本年11月8日のことですので、いささか旧聞(?)になりますが、サントリーホールでの東京都交響楽団都響)・ブラームスの夕べ・バイオリン協奏曲と第4交響曲定期演奏会での出来事です。当日の独奏は台湾のレイ・チェンという天才青年演奏家で、数年前のノーベル賞受賞記念コンサートでの出会いからの親交もあることから、日本が誇る「iPS」山中伸弥教授ご夫妻も臨席するコンサートでした。

山中教授ご夫妻がごく自然に入場、中央の席に着くや否や、目ざとく見つけた老人達が無遠慮にもサインと記念撮影をし始めたのです。コンサート会場、それもサントリーホール、これから演奏会がまさに始まるというときの出来事です。

若者達ではなく、わたくし同様の60代は超えた禿げ頭の爺や婆達が、知り合いでもない初対面の山中教授に親しげに声をかけサインと併せて記念撮影をおねだりする様子と雰囲気を想像してみてください。
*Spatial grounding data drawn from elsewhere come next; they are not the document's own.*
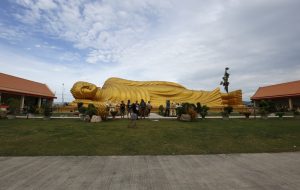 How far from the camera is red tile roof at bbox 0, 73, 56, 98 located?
25428 millimetres

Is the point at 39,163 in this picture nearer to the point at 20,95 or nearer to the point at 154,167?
the point at 154,167

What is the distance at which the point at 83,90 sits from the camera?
22.2m

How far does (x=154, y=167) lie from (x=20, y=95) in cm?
2592

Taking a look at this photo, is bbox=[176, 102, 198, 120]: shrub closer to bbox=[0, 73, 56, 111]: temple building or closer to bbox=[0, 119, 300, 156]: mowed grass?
bbox=[0, 119, 300, 156]: mowed grass

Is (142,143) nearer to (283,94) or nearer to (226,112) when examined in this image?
(226,112)

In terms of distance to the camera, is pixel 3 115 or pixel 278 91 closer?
pixel 3 115

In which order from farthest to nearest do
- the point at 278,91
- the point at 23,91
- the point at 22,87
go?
the point at 278,91, the point at 22,87, the point at 23,91

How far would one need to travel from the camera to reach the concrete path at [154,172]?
Answer: 12.9ft

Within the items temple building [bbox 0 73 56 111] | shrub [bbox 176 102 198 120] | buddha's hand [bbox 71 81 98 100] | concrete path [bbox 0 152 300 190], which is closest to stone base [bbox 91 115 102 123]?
shrub [bbox 176 102 198 120]

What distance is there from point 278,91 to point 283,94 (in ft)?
6.58

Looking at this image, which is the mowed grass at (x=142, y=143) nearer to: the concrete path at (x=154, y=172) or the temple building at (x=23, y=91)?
the concrete path at (x=154, y=172)

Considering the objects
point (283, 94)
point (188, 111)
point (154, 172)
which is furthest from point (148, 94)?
point (154, 172)

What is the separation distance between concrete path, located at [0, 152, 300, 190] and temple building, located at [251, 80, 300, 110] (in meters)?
27.3

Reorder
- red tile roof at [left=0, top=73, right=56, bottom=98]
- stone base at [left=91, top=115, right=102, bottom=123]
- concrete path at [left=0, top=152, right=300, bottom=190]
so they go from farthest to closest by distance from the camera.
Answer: red tile roof at [left=0, top=73, right=56, bottom=98]
stone base at [left=91, top=115, right=102, bottom=123]
concrete path at [left=0, top=152, right=300, bottom=190] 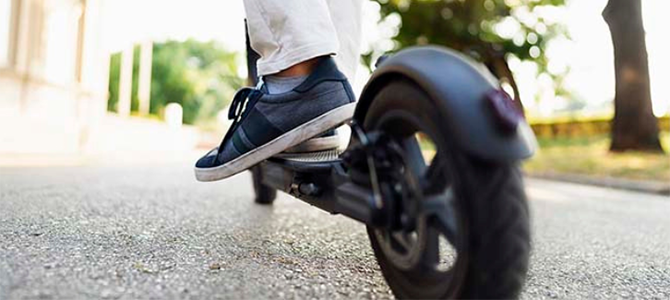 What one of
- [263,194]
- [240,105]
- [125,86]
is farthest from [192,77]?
[240,105]

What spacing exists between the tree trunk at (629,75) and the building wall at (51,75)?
24.0ft

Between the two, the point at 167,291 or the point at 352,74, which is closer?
the point at 167,291

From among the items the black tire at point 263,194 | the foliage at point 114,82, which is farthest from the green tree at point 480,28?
the foliage at point 114,82

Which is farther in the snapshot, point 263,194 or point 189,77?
point 189,77

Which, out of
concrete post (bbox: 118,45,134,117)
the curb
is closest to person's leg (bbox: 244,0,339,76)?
the curb

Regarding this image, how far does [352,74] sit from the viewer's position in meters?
1.52

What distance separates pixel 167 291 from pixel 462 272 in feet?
1.45

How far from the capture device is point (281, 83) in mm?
1194

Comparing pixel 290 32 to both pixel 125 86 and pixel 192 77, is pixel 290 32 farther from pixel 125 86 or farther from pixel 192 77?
pixel 192 77

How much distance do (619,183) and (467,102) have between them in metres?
5.59

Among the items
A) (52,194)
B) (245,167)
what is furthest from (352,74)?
(52,194)

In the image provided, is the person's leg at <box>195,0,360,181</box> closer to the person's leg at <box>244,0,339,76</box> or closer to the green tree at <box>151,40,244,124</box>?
the person's leg at <box>244,0,339,76</box>

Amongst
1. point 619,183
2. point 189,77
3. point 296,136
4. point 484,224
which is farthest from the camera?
point 189,77

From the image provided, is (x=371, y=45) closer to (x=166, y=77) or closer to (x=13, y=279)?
(x=13, y=279) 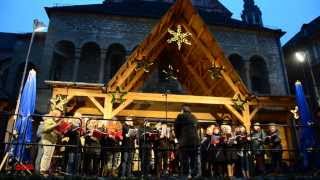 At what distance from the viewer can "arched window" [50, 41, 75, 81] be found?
20.9 m

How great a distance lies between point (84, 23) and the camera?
2136 cm

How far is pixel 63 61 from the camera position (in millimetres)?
21609

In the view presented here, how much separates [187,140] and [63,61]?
15295 mm

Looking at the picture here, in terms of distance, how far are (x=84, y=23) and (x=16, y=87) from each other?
6.68 m

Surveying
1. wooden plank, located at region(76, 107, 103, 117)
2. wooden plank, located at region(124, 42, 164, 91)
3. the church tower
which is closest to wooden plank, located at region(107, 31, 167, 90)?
wooden plank, located at region(124, 42, 164, 91)

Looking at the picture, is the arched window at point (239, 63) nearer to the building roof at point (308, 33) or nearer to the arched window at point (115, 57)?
the arched window at point (115, 57)

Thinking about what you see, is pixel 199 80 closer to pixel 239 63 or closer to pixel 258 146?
pixel 258 146

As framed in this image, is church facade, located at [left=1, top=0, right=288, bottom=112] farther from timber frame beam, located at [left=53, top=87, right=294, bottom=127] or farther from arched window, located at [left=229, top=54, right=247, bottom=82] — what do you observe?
timber frame beam, located at [left=53, top=87, right=294, bottom=127]

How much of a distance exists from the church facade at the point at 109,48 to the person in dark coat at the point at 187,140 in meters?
12.2

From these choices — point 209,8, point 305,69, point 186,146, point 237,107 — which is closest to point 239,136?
point 186,146

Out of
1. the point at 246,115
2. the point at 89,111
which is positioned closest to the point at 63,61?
the point at 89,111

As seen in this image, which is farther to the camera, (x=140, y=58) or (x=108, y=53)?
(x=108, y=53)

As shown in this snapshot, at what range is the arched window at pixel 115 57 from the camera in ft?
70.3

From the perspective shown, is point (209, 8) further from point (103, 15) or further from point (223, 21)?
point (103, 15) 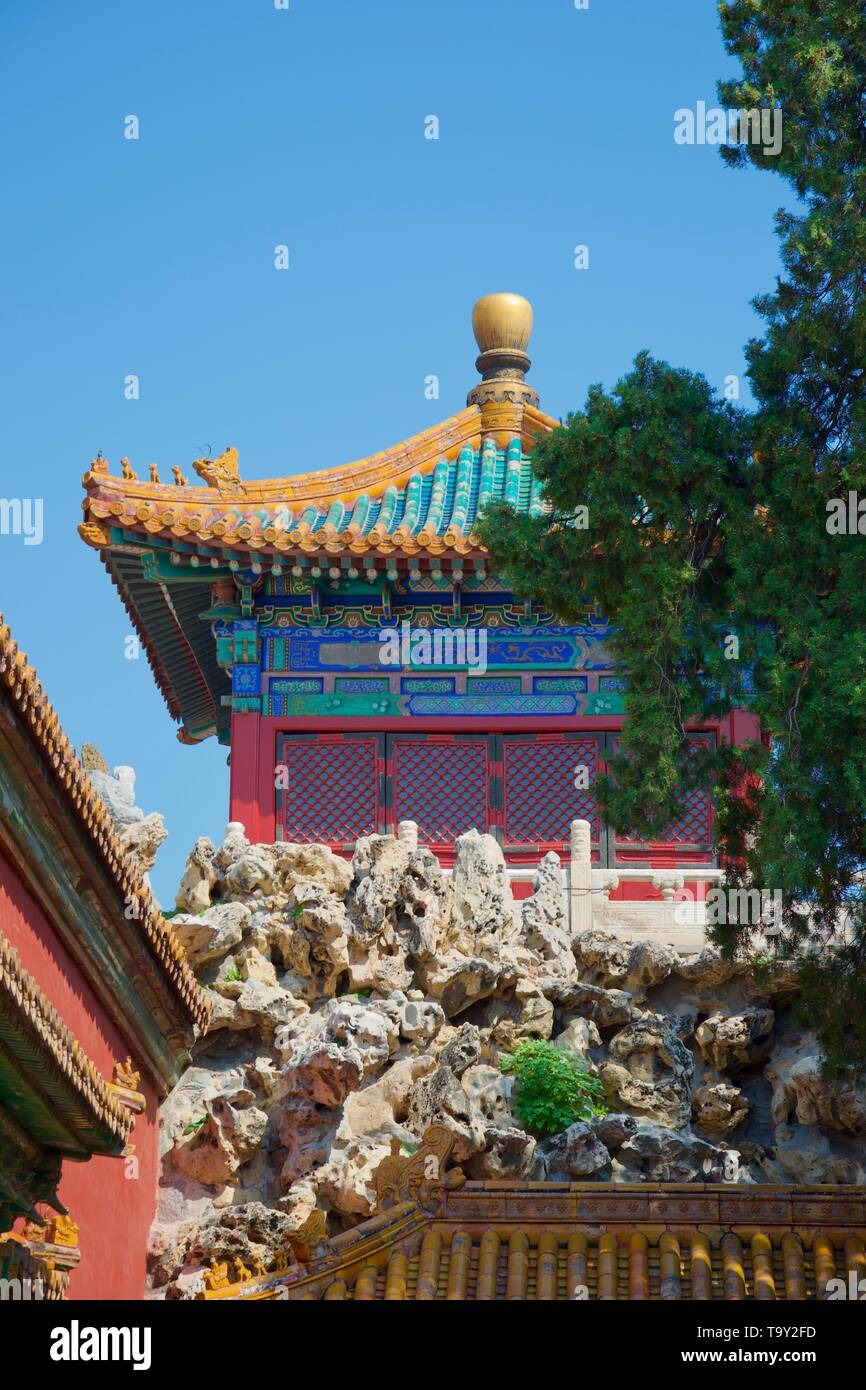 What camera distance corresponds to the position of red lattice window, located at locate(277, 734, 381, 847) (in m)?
23.5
奇しくも、教授ご夫妻の席と通路を挟んですぐ側の席でしたから、下品な言動をつぶさに目撃(だけでなくスマホでの撮影をも頼まれました・勿論言下に拒絶)体験いたしました。

かなり以前に、あの長嶋監督ご夫妻が同じサントリーホールでのコンサートに臨まれていたことがありましたが、誰一人、プライベートの音楽会鑑賞を邪魔するような無粋な真似をするような者はおりませんでした。
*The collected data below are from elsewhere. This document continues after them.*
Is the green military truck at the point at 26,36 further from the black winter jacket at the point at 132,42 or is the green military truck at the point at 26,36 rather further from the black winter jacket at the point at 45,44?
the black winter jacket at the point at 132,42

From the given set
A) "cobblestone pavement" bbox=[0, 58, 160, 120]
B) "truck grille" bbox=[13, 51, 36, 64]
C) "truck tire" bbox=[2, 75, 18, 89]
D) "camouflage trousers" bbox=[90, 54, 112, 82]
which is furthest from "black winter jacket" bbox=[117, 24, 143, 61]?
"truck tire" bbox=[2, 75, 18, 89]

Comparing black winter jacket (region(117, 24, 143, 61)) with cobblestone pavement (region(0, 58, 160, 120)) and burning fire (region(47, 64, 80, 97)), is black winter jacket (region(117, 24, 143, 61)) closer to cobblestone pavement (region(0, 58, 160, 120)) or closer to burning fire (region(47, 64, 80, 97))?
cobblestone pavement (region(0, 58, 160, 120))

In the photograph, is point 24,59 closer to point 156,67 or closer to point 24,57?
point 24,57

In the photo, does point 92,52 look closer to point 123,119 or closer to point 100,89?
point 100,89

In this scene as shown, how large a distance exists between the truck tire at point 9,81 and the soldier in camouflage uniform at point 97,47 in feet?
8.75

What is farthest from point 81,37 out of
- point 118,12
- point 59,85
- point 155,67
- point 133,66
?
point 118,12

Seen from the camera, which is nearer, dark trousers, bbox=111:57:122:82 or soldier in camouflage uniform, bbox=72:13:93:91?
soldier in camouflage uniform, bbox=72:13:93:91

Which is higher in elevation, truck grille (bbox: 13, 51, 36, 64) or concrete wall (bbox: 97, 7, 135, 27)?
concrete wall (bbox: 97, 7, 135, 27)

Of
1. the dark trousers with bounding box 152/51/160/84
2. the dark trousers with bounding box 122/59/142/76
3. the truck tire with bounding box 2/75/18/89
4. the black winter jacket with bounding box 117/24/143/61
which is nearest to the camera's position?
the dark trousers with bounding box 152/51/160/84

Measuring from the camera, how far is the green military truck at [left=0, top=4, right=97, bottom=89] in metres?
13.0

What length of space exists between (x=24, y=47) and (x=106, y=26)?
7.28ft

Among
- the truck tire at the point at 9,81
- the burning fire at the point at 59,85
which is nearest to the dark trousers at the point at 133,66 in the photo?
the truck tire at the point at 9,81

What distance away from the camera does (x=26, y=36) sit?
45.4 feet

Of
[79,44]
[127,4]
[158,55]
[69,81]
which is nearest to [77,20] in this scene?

最近の老害のマナー違反は社会現象なのでしょうか、電車内でもそうなのですが、若者達のほうが遥かに演奏会マナーに適っております。演奏中に、指揮の真似事のごとき身体の揺すりは勿論のこと、プログラムやパンフレットを読み漁ったりの傍若無人さ・無粋さは老人達に目立ちます。団塊世代の大量高齢化時代が過ぎ行く中、ますますもって老害パワーの盛んなこと。70年代その昔、全共闘・スチュウデントパワーの再来で、あちこちの演奏会場が団塊世代老害マナー違反の騒音で埋め尽くされ、クラシック演奏を鑑賞する環境には程遠いものとなっている現況に異議ありです!